Establish the rule. It’s obvious but needs to be said out loud to your kids: “You may not get out of bed.”
Then add the compassion.
- Talk to your child before bedtime about how hard it is to stay in bed. This acknowledges their experience.
- Ask your child if there is something he would like you to do to make staying in bed easier. My friend’s daughter wanted the door left open. (I know that sounds like a trap—open door=more distractions—but we accommodated her daughter’s request and it worked.)
- Create an incentive for your child to stay in bed. In my friend’s case, we told her daughter that mom would check in on her every five minutes (a time span that we gradually lengthened) and that if she was in bed, mom would rub her back for a minute.

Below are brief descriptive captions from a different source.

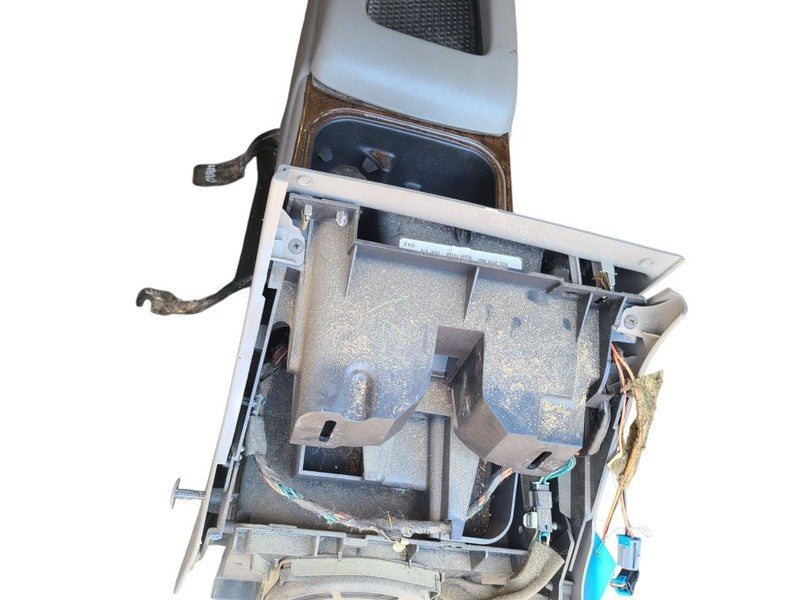Console Front Floor Fits 03-06 SUBURBAN 1500 636557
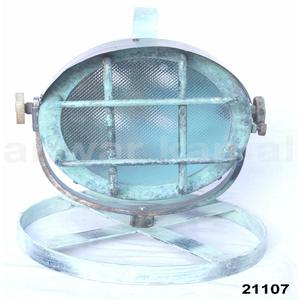 Trépied antique Lampe spot de studio en laiton antique avec trépied réglable ou support de table - Product Image 2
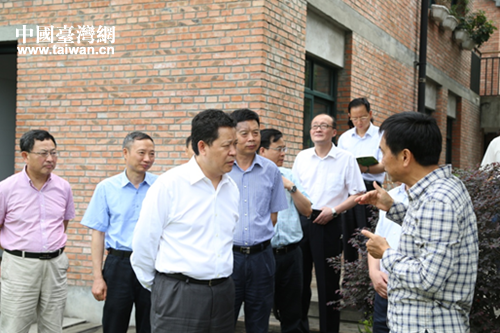 �Ĵ�ʡ���f����ϯ���dƽ��ǰ�У����˴���������fί�T��ҕ��M���½�h�_�Y��I������˾�{��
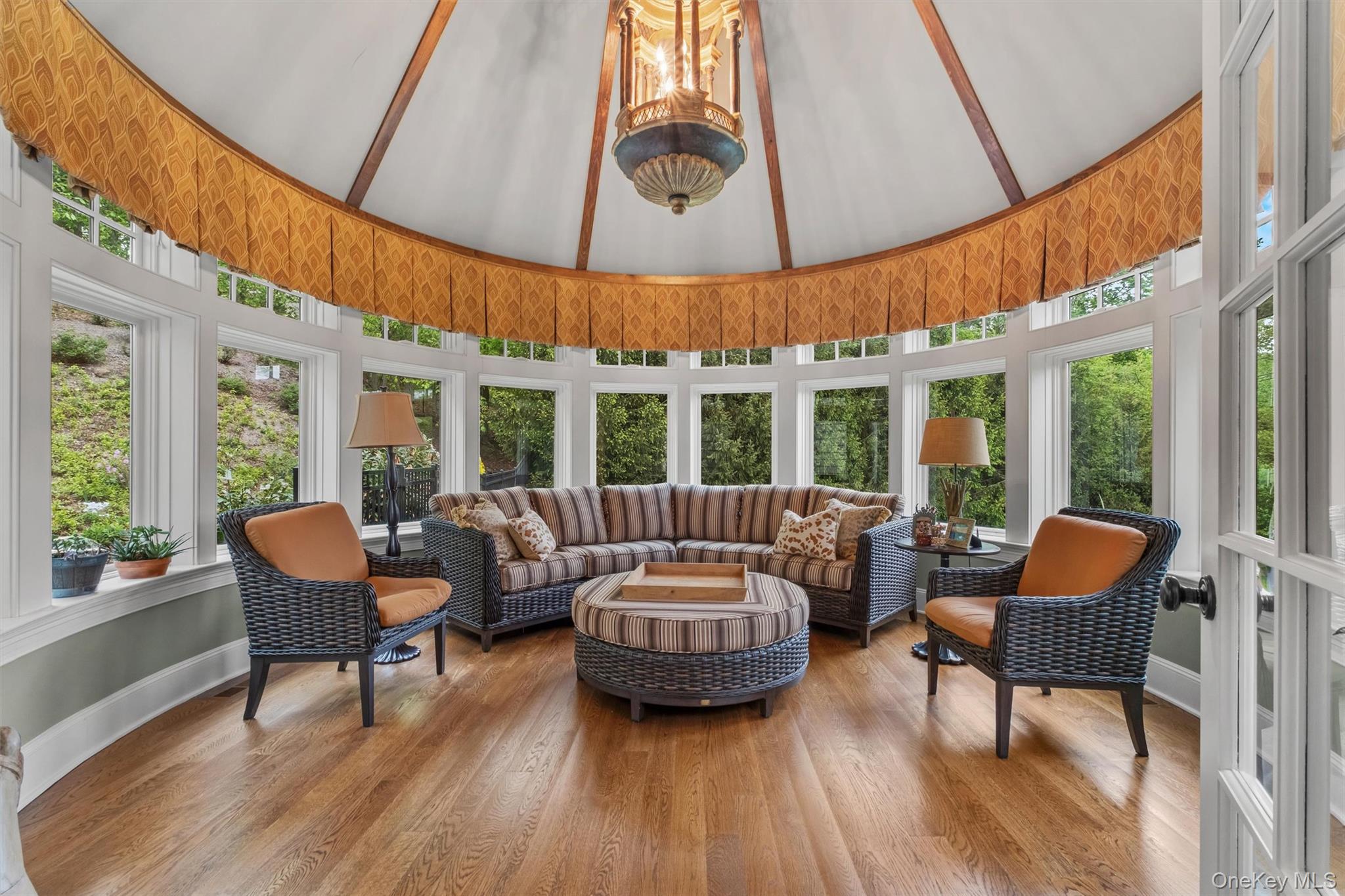 7 Ridgeview Circle, Armonk, NY 10504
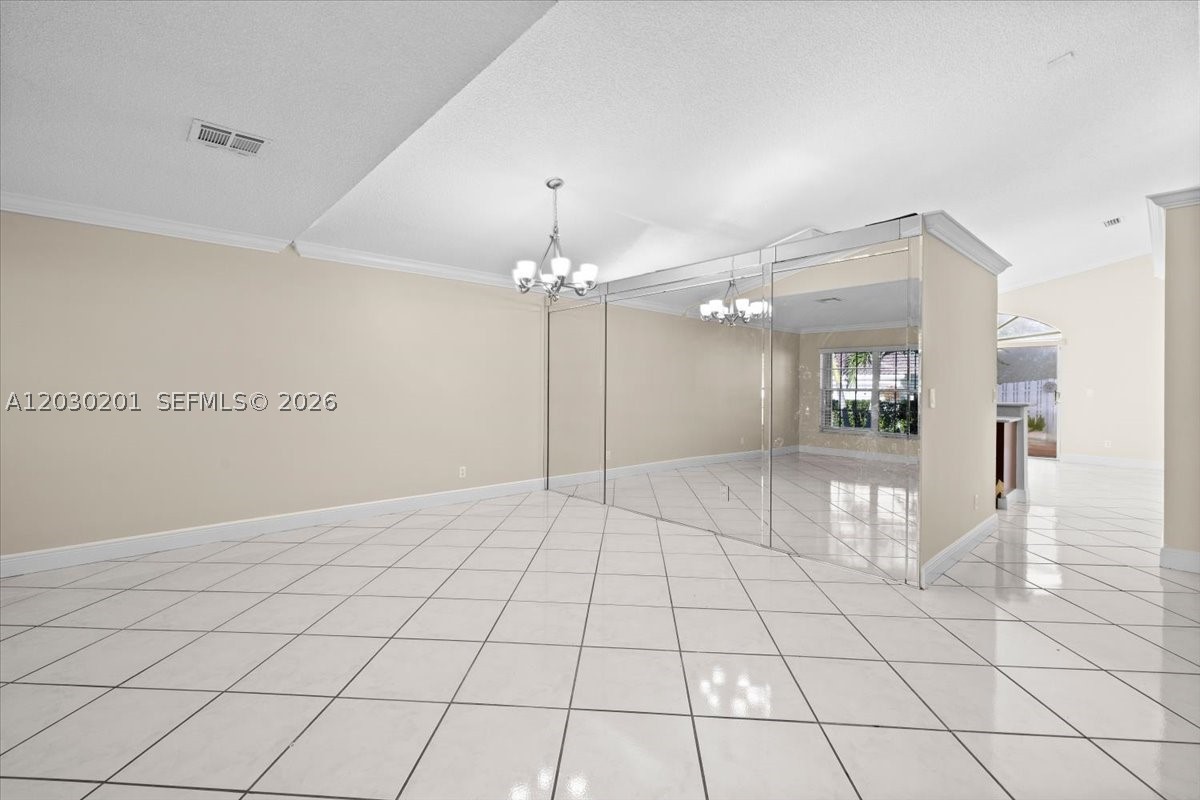 2010 Nw 182nd Ter Property Photo 15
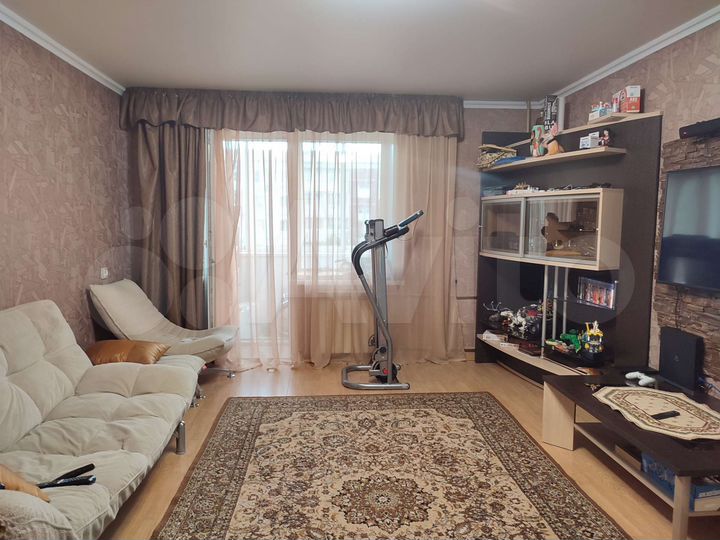 4-к. квартира, 72 м², 3/5 эт.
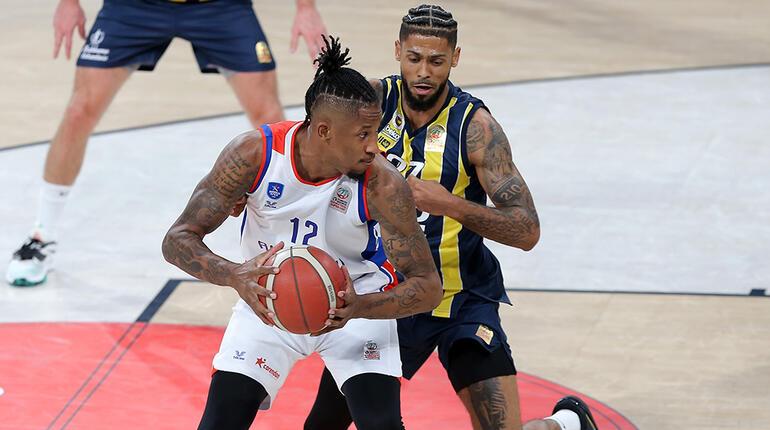 (ÖZET) Anadolu Efes - Fenerbahçe Beko maç sonucu: 96-91 | Derbi Efesin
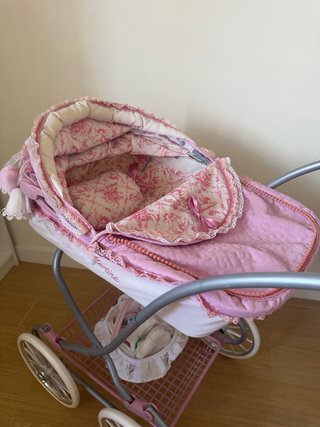 Carrito de bebé de juguete rosa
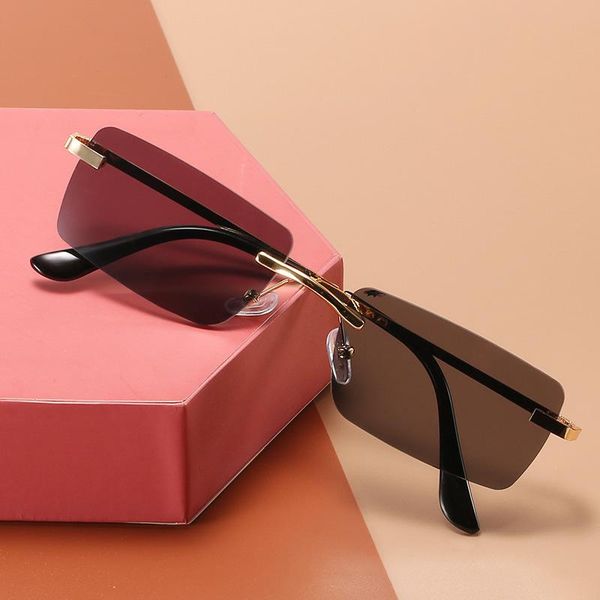 outdoor eyewear 2021 frameless fashion metal sunglasses female classic retro men's sun glasses design mirror uv400
outdoor eyewear 2021 frameless fashion metal sunglasses female classic retro men's sun glasses design mirror uv400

- Never let your child get crazy-out-of-control upset. This was the magic behind the backrub approach. Not only did it create an incentive to stay in bed, but it helped ensure my friend’s daughter never got so upset that she couldn’t calm herself down.
Finally, the second your child gets out of bed, pick her up and put her back in bed, either saying nothing or saying, “You may not get out of bed.”
Don’t expect progress to happen in a linear way.
Progress goes up and down as your kids test the system, but it will trend towards success. It might take a couple of weeks (and what seems like hundreds of picking up and putting back to bed). But remember, the key is consistency.
I’m not a big fan of the cry-it-out/put up a gate/lock the door method.
There is no question that it works. Kids learn that there’s no payoff from getting out of bed. However, in my opinion, it also teaches kids that they’re on their own. I’d rather support my child in her struggle, and teach my way out of any problems. Plus, in my experience, once kids get overly upset they can’t calm down (and they lose their minds).
I also don’t think parents should have to sit in their children’s rooms for hours every night. That simply teaches children they’re in control.
The approach I have outlined provides the discipline/structure/strength of the cry-it-out approach and the compassion/heart of the sit-in-the-room approach.
These are the same steps you take to teach kids to eat right.
The details differ, but the strategy stays the same: Figure out what your child needs to learn; Identify and eliminate any unintended lessons you may (inadvertently) be teaching; Implement a strong but compassionate structure.